NB_CPUS = psutil.cpu_count(logical=False)

In [None]:
# Creating folder if necessary
if not os.path.exists(FOLDER_SAVE_DATA):
    os.makedirs(FOLDER_SAVE_DATA)
if not os.path.exists(os.path.join(FOLDER_SAVE_DATA, DATASET)):
    os.makedirs(os.path.join(FOLDER_SAVE_DATA, DATASET))
for folder in ["config", "gs_events", "referents", "other"]:
    path_folder = os.path.join(FOLDER_SAVE_DATA, DATASET, folder)
    if not os.path.exists(path_folder):
        os.makedirs(path_folder)

In [None]:
# Loading params for search
with open(os.path.join(FOLDER_PATH, "dataset-config", f"{DATASET}.yaml"),
          encoding='utf-8') as file:
    dataset_config = yaml.load(file, Loader=yaml.FullLoader)


interface = HDTInterface(dataset_config=dataset_config, default_pred=[],
                         folder_hdt=DATASET_TO_FOLDER[DATASET],
                         nested_dataset=nested_dataset,
                         filter_kb=filter_kb)

## 1. Retrieving events with the most sub events

Using SPARQL Query + GraphDB endpoint

In [None]:
QUERY_RETRIEVE_EVENTS = """
PREFIX sem: <http://semanticweb.cs.vu.nl/2009/11/sem/>
PREFIX owl: <http://www.w3.org/2002/07/owl#>
SELECT ?eventKG (COUNT(DISTINCT ?subEventKG) as ?nbSubEvent)
WHERE {
    
 ?event sem:hasSubEvent* ?subEvent .
 ?event sem:hasBeginTimeStamp ?startTimeEvent .
 ?event sem:hasEndTimeStamp ?endTimeEvent .
 ?event owl:sameAs ?eventKG .

 ?subEvent owl:sameAs ?subEventKG .
 ?subEvent sem:hasBeginTimeStamp ?startTimeSubEvent .
 ?subEvent sem:hasEndTimeStamp ?endTimeSubEvent .
 
 FILTER (?endTimeSubEvent >= ?startTimeEvent) .
 FILTER (?startTimeSubEvent <= ?endTimeEvent) .
 FILTER( strStarts( str(?eventKG), "<dataset_start_uri>" ) ) .
 FILTER( strStarts( str(?subEventKG), "<dataset_start_uri>" ) ) .
}
GROUP BY ?eventKG
ORDER BY DESC(?nbSubEvent)
"""

QUERY_RETRIEVE_EVENTS = \
    f"{QUERY_RETRIEVE_EVENTS.replace('<dataset_start_uri>', DATASET_TO_START_URI[DATASET])}"


In [None]:
response = requests.get(ENDPOINT, headers=HEADERS,
                        params={"query": QUERY_RETRIEVE_EVENTS})

In [None]:
df_events = pd.read_csv(
    io.StringIO(response.content.decode('utf-8'))
)
df_events.head(3)

## 2. Retrieving info for each selected event

* Ground truth events from EventKG 
* Referents (URI mapping)
* Start/End dates


### 2.1. Ground truth for each event

Ground truth = event part of that event in EventKG

In [None]:
save_path = os.path.join(FOLDER_SAVE_DATA, DATASET, "other", "events_sub_events.csv")
df_events.to_csv(save_path)

In [None]:
df_events = pd.read_csv(save_path)
df_events = df_events[[col for col in df_events.columns if col != "Unnamed: 0"]]

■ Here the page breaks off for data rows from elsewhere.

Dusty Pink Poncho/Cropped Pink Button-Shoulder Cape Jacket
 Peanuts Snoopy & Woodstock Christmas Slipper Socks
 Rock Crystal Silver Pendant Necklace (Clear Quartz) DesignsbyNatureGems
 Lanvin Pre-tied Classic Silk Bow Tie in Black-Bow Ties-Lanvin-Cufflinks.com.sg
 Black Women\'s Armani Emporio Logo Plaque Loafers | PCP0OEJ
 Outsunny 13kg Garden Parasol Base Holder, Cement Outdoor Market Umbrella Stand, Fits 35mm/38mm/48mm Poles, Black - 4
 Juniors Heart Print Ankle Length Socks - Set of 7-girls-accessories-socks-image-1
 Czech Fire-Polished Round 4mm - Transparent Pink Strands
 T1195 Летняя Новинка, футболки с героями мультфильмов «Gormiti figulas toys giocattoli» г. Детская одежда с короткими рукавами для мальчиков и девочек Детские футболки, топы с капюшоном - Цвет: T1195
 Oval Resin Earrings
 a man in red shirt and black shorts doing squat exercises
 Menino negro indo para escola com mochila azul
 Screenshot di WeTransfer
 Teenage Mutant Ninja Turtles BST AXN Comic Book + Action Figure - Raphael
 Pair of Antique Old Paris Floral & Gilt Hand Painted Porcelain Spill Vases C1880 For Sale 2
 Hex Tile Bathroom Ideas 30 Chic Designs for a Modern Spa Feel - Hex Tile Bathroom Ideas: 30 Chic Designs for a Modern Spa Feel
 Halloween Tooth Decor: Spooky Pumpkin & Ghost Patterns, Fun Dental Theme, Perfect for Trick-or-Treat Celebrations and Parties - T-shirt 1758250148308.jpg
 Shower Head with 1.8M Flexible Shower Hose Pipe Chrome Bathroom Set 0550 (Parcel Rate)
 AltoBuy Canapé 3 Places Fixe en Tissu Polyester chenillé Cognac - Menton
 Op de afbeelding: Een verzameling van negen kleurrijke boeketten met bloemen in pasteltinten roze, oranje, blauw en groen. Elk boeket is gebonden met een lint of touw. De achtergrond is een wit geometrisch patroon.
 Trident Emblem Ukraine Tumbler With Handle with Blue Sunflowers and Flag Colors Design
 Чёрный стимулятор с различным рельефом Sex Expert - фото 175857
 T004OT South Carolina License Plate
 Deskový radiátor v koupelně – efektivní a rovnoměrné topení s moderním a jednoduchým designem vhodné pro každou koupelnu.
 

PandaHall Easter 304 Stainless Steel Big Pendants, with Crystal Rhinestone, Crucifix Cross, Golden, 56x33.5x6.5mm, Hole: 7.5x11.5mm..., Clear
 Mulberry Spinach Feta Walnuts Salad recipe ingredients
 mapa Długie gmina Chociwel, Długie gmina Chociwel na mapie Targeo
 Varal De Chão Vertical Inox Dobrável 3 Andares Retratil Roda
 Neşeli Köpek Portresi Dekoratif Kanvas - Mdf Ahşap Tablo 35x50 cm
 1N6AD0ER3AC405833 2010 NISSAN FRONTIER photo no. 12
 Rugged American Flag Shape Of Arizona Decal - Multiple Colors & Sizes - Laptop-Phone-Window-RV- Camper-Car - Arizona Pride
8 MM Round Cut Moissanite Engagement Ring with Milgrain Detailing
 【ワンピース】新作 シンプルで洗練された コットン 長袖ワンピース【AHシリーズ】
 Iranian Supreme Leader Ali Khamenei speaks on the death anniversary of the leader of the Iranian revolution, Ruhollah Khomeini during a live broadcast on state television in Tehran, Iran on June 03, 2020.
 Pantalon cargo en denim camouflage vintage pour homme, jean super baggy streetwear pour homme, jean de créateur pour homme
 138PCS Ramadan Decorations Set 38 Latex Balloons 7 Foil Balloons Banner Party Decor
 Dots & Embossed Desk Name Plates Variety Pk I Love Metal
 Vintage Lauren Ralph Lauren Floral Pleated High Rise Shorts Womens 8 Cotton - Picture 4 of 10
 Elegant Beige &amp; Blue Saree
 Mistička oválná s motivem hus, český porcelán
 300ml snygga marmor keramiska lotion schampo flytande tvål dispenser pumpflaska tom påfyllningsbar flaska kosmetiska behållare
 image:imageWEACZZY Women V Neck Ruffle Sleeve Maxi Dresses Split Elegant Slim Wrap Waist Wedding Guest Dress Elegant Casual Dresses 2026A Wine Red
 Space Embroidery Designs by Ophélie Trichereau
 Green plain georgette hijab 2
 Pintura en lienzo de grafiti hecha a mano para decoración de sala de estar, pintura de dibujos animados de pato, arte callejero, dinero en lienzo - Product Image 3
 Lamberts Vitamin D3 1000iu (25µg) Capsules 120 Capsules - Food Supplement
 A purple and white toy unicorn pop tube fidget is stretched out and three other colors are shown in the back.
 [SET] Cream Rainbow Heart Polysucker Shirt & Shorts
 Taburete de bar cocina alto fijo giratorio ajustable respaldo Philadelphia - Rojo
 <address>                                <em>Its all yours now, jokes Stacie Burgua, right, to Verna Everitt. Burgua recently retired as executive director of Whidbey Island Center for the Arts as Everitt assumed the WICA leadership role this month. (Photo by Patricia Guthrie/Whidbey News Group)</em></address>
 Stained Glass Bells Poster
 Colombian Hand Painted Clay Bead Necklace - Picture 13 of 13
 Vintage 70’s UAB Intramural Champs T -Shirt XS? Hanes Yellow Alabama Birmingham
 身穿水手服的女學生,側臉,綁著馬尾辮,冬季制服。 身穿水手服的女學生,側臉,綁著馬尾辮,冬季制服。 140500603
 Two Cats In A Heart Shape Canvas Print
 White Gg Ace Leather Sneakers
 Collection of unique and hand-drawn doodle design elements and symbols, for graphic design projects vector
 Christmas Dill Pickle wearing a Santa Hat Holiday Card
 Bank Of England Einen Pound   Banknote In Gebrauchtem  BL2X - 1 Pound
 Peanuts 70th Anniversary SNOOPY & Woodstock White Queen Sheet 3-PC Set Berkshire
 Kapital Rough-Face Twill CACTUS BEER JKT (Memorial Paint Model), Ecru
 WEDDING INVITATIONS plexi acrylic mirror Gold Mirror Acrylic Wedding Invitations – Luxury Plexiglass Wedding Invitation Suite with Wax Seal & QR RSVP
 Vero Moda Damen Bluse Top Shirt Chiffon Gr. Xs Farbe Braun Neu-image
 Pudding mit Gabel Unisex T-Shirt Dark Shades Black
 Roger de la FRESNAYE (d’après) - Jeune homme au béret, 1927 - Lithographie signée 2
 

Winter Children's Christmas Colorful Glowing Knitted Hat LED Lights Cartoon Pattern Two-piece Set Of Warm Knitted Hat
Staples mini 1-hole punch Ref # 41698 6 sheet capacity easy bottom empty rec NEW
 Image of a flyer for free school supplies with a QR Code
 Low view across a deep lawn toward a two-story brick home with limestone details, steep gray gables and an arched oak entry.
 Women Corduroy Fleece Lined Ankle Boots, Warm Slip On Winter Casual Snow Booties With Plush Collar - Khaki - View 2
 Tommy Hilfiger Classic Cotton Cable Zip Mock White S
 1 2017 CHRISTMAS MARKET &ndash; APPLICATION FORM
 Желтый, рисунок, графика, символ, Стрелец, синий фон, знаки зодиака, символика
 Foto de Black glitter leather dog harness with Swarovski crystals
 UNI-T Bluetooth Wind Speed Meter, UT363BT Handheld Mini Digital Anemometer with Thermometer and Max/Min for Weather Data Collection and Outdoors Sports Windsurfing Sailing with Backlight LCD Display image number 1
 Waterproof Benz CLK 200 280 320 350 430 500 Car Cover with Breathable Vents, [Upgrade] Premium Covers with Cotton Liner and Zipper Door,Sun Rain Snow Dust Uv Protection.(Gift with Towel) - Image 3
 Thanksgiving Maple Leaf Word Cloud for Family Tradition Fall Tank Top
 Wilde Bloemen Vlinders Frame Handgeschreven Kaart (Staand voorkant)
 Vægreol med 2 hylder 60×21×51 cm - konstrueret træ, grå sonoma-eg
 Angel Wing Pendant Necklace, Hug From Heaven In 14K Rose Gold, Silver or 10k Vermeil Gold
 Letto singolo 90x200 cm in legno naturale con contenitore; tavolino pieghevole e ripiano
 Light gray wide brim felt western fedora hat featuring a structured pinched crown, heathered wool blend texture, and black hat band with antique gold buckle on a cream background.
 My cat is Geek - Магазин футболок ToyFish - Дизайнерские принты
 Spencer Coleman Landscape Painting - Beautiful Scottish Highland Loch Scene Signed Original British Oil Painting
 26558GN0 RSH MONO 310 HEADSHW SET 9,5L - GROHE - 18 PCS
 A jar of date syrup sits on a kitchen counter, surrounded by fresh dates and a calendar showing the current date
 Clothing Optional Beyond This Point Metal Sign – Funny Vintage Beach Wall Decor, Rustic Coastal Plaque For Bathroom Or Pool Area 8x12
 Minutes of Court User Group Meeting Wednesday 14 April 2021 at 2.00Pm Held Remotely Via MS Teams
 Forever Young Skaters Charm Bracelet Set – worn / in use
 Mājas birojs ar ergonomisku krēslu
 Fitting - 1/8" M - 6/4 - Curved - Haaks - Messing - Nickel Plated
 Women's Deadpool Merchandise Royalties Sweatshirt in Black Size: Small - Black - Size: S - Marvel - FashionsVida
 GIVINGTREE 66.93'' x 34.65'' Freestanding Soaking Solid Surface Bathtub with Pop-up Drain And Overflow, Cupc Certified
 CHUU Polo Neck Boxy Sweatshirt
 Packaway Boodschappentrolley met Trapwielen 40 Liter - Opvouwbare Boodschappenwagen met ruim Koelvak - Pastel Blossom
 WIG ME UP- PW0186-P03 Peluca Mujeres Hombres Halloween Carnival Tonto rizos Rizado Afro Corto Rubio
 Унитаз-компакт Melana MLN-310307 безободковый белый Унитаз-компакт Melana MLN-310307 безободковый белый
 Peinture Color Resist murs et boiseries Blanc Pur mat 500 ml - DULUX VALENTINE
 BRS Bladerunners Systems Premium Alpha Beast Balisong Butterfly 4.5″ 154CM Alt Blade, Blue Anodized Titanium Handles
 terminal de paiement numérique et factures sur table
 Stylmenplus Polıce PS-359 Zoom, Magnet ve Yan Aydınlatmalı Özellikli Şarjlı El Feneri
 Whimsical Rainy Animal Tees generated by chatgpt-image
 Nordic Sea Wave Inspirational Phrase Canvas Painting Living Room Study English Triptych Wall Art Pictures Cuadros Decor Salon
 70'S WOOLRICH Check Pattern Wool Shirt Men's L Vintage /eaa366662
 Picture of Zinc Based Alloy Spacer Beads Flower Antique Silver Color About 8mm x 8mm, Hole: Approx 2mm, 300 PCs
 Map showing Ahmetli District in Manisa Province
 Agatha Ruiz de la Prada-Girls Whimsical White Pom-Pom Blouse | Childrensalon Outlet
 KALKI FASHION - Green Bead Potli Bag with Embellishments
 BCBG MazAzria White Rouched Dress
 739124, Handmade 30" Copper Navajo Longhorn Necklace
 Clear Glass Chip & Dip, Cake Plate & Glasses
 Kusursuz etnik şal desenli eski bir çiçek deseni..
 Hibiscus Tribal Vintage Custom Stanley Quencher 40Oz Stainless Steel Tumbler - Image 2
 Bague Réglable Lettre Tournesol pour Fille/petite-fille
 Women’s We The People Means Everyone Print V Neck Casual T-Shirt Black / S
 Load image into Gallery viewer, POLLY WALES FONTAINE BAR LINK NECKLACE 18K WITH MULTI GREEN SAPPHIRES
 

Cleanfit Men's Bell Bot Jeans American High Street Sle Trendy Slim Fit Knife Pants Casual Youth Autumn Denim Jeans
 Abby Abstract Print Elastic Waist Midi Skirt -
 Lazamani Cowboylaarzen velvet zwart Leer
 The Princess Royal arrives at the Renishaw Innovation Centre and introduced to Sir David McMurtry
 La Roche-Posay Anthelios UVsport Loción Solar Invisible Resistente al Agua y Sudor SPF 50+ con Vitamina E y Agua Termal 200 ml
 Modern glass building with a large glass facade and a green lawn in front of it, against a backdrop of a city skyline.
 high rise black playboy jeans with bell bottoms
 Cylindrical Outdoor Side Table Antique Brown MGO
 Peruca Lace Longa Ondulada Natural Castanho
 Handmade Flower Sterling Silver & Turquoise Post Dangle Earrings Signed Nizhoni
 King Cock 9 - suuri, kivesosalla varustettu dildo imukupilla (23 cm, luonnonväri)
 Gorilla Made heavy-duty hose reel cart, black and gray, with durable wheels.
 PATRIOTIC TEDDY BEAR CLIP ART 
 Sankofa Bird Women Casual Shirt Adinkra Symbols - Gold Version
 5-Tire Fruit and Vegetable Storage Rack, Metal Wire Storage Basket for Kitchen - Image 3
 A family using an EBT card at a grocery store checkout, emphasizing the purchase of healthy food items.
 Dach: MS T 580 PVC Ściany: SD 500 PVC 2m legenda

print(f"# of events: {df_events.shape[0]}")
print(f"# of events with more than 10 sub events: {df_events[df_events.nbSubEvent >= 10].shape[0]}")

In [None]:
df_events.head(5)

In [None]:
QUERY_GROUND_TRUTH_TEMPLATE = """
PREFIX sem: <http://semanticweb.cs.vu.nl/2009/11/sem/>
PREFIX owl: <http://www.w3.org/2002/07/owl#>
SELECT DISTINCT(?subEventKG as ?linkDBpediaEn)
WHERE {
    
?event owl:sameAs <event-to-replace> .
?event sem:hasSubEvent* ?subEvent .
?subEvent owl:sameAs ?subEventKG .
    
?event sem:hasBeginTimeStamp ?startTimeEvent .
?event sem:hasEndTimeStamp ?endTimeEvent .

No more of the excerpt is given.